In its June 8 second bi-monthly monetary policy meeting review for FY23, RBI raised the benchmark repo rate by 50 basis points to 4.90 per cent with immediate effect.

Published: 10th June 2022 05:50 PM  |   Last Updated: 10th June 2022 05:50 PM   |  A+A-

Home loan

Image used for representational purpose only. (File Photo)

By PTI

NEW DELHI: Auto, home and personal loans have become costlier with banks and other financial institutions increasing interest rates following the repo rate hike by RBI on Wednesday.

A number of banks including ICICI Bank, Bank of Baroda, Punjab National Bank (PNB), Bank of India, Indian Bank, Indian Overseas Bank and the country's leading mortgage lender HDFC Ltd have raised lending rates for their customers.

Repo is the rate at which RBI lends to banks for their short-term borrowing needs. In its June 8 second bi-monthly monetary policy meeting review for FY23, RBI raised the benchmark repo rate by 50 basis points to 4.90 per cent with immediate effect.

It followed an off-cycle rate hike of 40 basis points in May to rein in the soaring inflation in the country, mainly triggered by supply side woes due to Russia-Ukraine war. Private sector lender ICICI Bank raised the repo linked External Benchmark Lending Rate (EBLR) with effect from June 8, 2022 to 8.60 per cent from 8.10 per cent earlier.

Public sector lender Punjab National Bank has raised repo linked lending rate (RLLR) to 7.40 per cent from 6.90 per cent earlier. Bank of Baroda, the third largest bank in the public sector, raised the RLLR to 7.40 per cent.

HDFC Ltd has raised its Retail Prime Lending Rate (RPLR) for housing loans, on which its Adjustable Rate Home Loans (ARHL) are benchmarked, by 50 basis points, with effect from June 10, 2022. This translates into an increase of Rs 31 per Rs 1 lakh for a 20-year loan.
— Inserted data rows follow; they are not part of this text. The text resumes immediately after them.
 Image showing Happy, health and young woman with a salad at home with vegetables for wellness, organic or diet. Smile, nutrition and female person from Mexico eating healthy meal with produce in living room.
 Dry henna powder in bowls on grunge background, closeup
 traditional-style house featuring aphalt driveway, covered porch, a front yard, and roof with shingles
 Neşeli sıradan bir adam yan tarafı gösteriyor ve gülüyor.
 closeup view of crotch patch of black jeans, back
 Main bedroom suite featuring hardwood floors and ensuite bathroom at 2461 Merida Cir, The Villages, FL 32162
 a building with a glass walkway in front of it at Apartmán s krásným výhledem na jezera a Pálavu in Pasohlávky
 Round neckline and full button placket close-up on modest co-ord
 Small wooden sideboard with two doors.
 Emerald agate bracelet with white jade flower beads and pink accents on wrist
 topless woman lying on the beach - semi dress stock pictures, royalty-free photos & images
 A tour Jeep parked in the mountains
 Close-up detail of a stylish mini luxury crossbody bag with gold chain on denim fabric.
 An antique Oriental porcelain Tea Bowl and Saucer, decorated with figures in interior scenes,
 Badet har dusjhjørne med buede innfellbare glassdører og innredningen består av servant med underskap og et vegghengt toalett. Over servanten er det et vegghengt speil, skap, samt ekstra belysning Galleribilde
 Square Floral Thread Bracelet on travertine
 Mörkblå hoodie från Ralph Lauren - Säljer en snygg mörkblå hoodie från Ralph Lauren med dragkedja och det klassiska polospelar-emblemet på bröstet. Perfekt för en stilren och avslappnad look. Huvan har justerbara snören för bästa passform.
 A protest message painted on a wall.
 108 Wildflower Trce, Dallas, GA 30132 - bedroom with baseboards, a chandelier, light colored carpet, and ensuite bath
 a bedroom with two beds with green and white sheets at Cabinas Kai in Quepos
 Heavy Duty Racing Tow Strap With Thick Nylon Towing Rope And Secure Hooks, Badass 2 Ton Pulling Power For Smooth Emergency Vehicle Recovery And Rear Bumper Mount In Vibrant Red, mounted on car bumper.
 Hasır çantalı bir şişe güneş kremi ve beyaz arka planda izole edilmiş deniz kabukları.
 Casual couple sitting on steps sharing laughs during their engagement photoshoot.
India's largest lender State Bank of India had revised its EBLR to 7.05 per cent plus Credit Risk Premium (CRP), days before the RBI's monetary policy announcement. Indian Bank has raised RLLR to 7.70 per cent, and Bank of India to 7.75 per cent.

Chennai-based public sector lender Indian Overseas Bank has raised RLLR to 7.75 per cent with effect from June 10. Pune-based Bank of Maharashtra in a regulatory filing on Friday said it has raised RLLR to 7.70 per cent per annum from 7.20 per cent with immediate effect.

It also raised marginal cost of funds based lending rate (MCLR) by 30 basis points each for various tenors, with the benchmark one-year rate to 7.70 per cent from 7.40 per cent earlier.

Canara Bank had raised the one-year MCLR to 7.40 per cent from 7.35 per cent with effect from June 7, 2022. Most of the consumer loans are linked to one-year MCLR rate. The MCLR system came into effect from April 1, 2016.

From October 1, 2019, all banks have to lend only at an interest rate linked to an external benchmark such as RBI's repo rate or Treasury Bill yield. As a result, monetary policy transmission by banks has gained traction.